• _EXERCISE OBJECTIVE_
Transcribe the listing verbatim. Do not carry over any pictures.

• _RAW DATA_

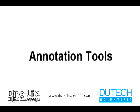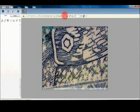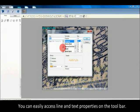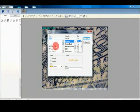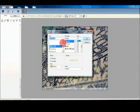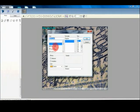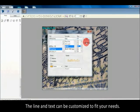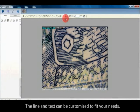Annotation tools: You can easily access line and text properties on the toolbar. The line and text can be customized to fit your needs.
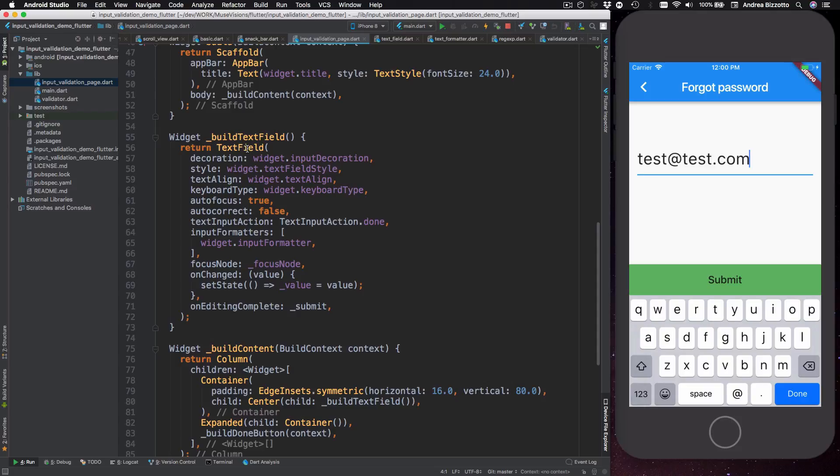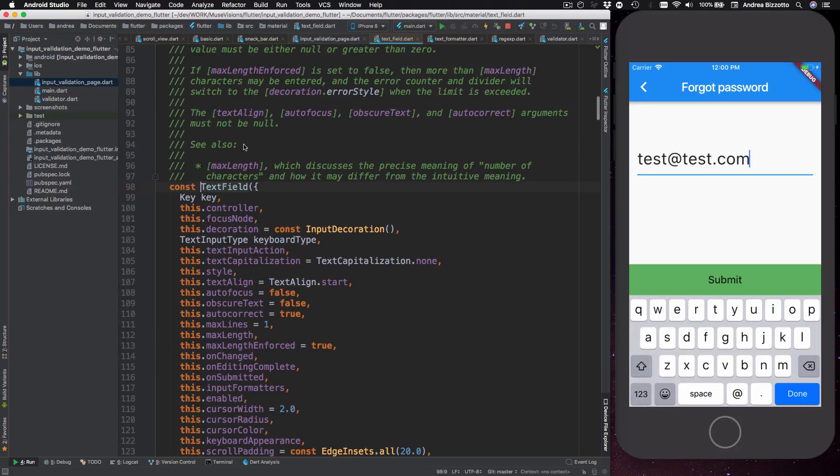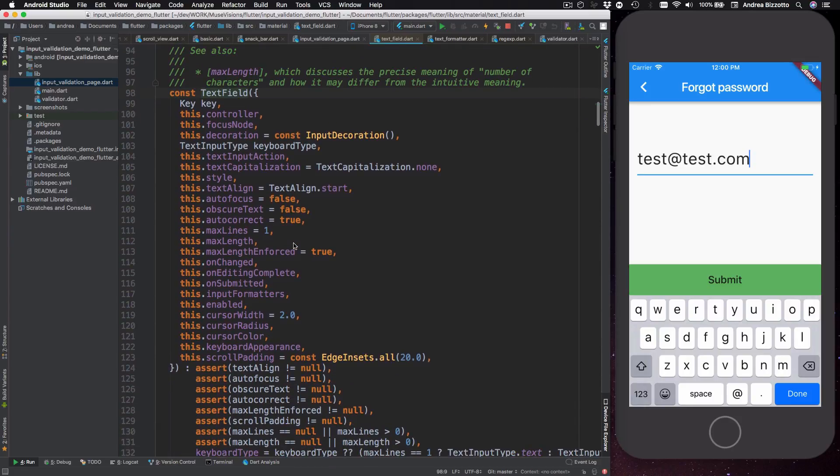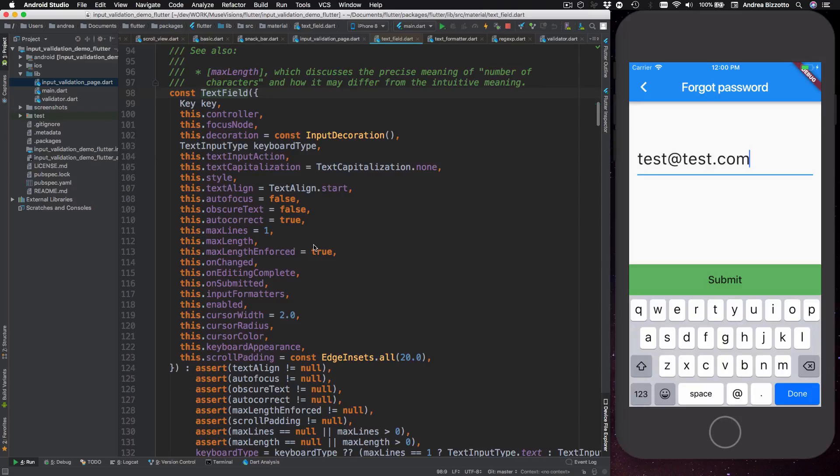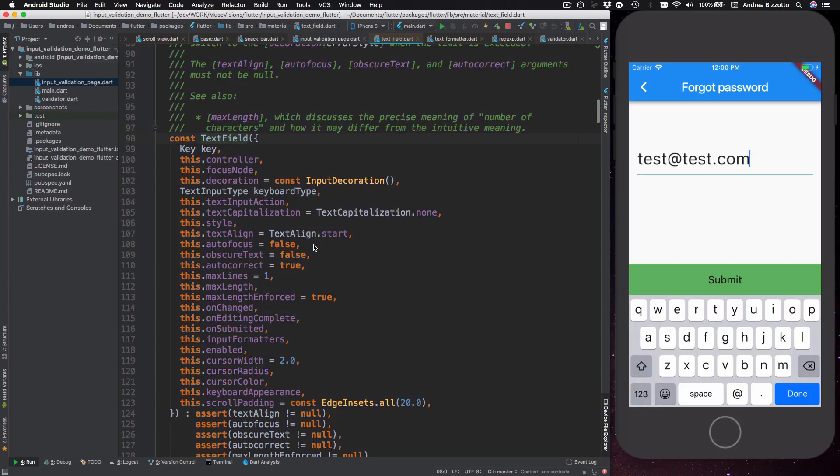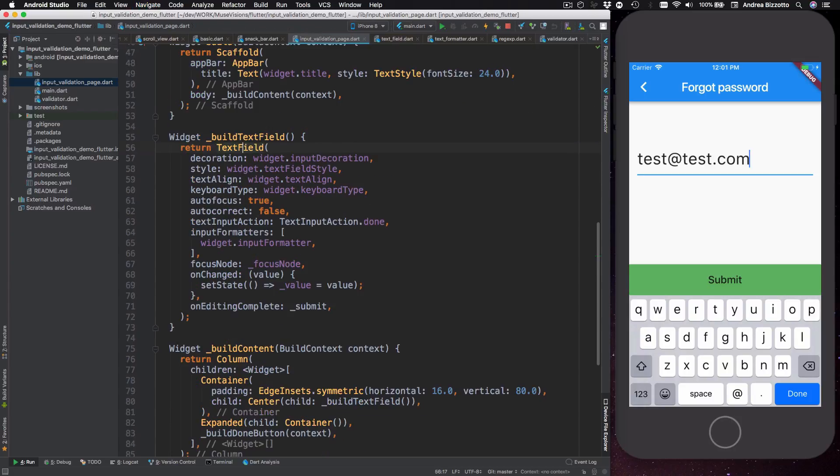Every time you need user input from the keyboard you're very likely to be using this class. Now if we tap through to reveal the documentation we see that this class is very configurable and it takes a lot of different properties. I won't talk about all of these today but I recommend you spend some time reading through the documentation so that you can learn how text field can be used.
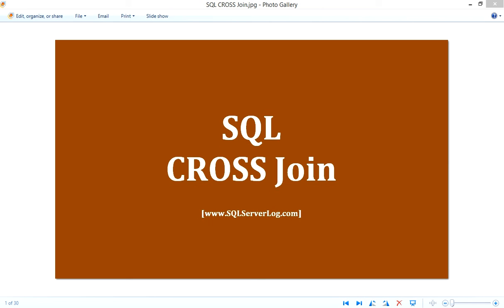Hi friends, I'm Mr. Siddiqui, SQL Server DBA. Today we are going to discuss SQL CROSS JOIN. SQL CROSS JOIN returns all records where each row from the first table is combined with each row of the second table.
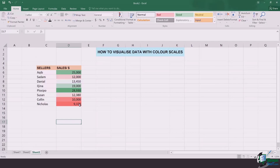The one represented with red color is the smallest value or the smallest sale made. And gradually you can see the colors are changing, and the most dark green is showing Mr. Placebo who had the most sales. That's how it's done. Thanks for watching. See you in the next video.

• _RESULT OF THE EXERCISE_
Annotation tools: You can easily access line and text properties on the toolbar. The line and text can be customized to fit your needs.
Every time you need user input from the keyboard you're very likely to be using this class. Now if we tap through to reveal the documentation we see that this class is very configurable and it takes a lot of different properties. I won't talk about all of these today but I recommend you spend some time reading through the documentation so that you can learn how text field can be used.
Hi friends, I'm Mr. Siddiqui, SQL Server DBA. Today we are going to discuss SQL CROSS JOIN. SQL CROSS JOIN returns all records where each row from the first table is combined with each row of the second table.
The one represented with red color is the smallest value or the smallest sale made. And gradually you can see the colors are changing, and the most dark green is showing Mr. Placebo who had the most sales. That's how it's done. Thanks for watching. See you in the next video.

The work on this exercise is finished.